Headerfoto: Nationaal Park Weerribben-Wieden © Nadine Kliffen/ IUCN NL
The latest IPCC AR6 Synthesis Report has confirmed that wetland conservation and restoration are critical for climate change mitigation and adaptation. A wetland-focused approach is relatively cheap and delivers multiple benefits compared to a purely sectoral or grey approach using, for example, dams and dykes. There is, however, no UNFCCC negotiation track solely dedicated to wetlands conservation and restoration. It seems like ecosystems other than forests are not getting the attention that they deserve in climate debates.
Wetland management as a response to the global stocktake
UNFCCC COP28 is poised to witness an unprecedented milestone with the inception of the global stocktake: a mechanism that offers a panoramic view of collective progress towards the goals outlined in the Paris Climate Change Agreement. For policy makers, it presents an exceptional opportunity to recalibrate our efforts and bridge existing gaps.
The global stocktake’s summary of key political messages, to be referenced in COP28’s final decision, can serve as a potent platform for advocating nature-based solutions. Here, wetland conservation and restoration deserve a prominent place, aligning seamlessly with the messaging laid out in the Sharm el-Sheikh Implementation Plan, a cornerstone of COP27, which encourages Parties to consider nature-based solutions, such as wetland restoration, for their mitigation and adaptation action.

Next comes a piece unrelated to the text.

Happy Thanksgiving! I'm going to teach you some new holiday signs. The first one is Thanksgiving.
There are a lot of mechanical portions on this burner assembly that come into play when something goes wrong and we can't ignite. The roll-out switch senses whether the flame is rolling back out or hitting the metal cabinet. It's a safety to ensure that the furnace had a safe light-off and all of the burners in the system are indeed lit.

By weaving wetlands into the narrative of climate action, from global stocktake summaries to loss and damage compensation mechanisms, UNFCCC COP28 can set a transformative precedent for incorporating nature-based solutions into the climate agenda.
Wetland degradation and the new loss and damage fund
In the last century, wetland degradation has led to the loss of nearly 50% of coastal wetlands, primarily due to human activity, sea level rise, and extreme climate events. This loss results in non-economic consequences, including the decline of biodiversity hotspots and disrupted water regulation services. These losses are challenging to quantify financially due to their intangible nature. However, over a billion people directly depend on wetlands for their livelihoods, underscoring their vital importance.

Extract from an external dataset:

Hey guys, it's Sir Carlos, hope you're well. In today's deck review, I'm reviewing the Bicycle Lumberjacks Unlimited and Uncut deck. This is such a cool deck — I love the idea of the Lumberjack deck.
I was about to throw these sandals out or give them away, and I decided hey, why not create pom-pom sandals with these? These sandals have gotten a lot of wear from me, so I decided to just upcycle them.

The ground-breaking COP27 decision to establish a loss and damage fund marks a significant milestone in climate negotiations. The transitional committee established at COP27, mandated to make recommendations for consideration and adoption by COP28 about the operationalisation of the new fund, now faces the task of addressing a pivotal question: How can compensation be provided for the non-economic loss and damage resulting from wetland degradation? This intricate journey calls for a nuanced approach that weaves together ecological restoration, community well-being, and climate justice.
Call to action: get wetlands firmly embedded under UNFCCC
In essence, the confluence of the global stocktake and the establishment of the loss and damage fund provides a strategic opportunity to catalyse wetlands conservation and restoration efforts. By weaving wetlands, next to forests, into the narrative of climate action, from global stocktake summaries to loss and damage compensation mechanisms, COP28 can set a transformative precedent for incorporating nature-based solutions into the climate agenda. The momentum generated through these actions can reverberate well beyond COP28, heralding a new era of climate resilience where wetlands play a pivotal role in safeguarding our planet’s future.

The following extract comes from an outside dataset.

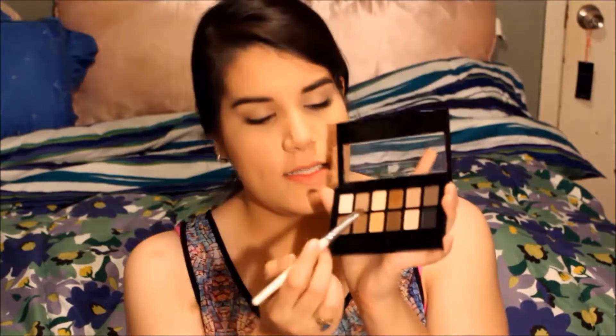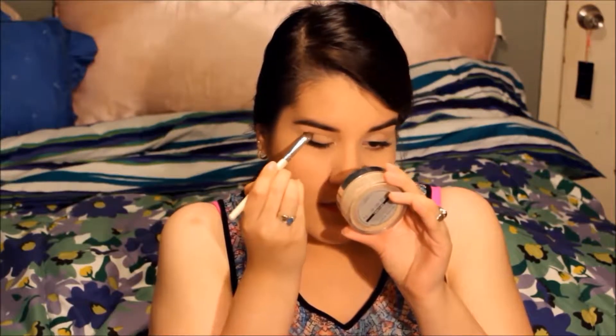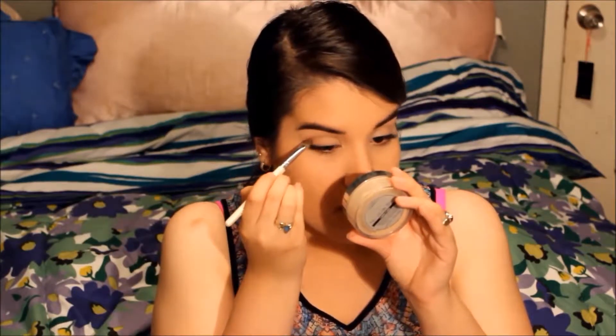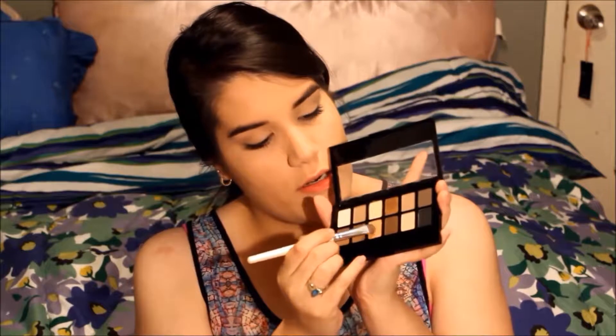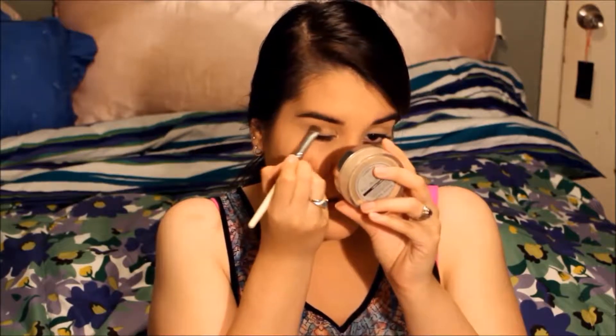The next thing I'm going to do is the eyes, and I'm using the Maybelline The Nudes Eyeshadow Palette. The first eyeshadow I'm using is this white champagne color — I'm taking the e.l.f. Professional Eyeshadow Brush and patting it all over my eyelid on both eyes. Then with the same brush I'm going in with this gold color, focusing it on the outer half and sweeping it to blend toward the inner half.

REWET: wetlands restoration
In the REWET project, funded by the European Union, IUCN NL has joined forces with other European NGOs, universities, government institutes, and companies to study the full potential of wetland areas in mitigating climate change. With information from seven open laboratories, together we are developing a comprehensive understanding of how European wetlands can best contribute to climate mitigation and adaptation.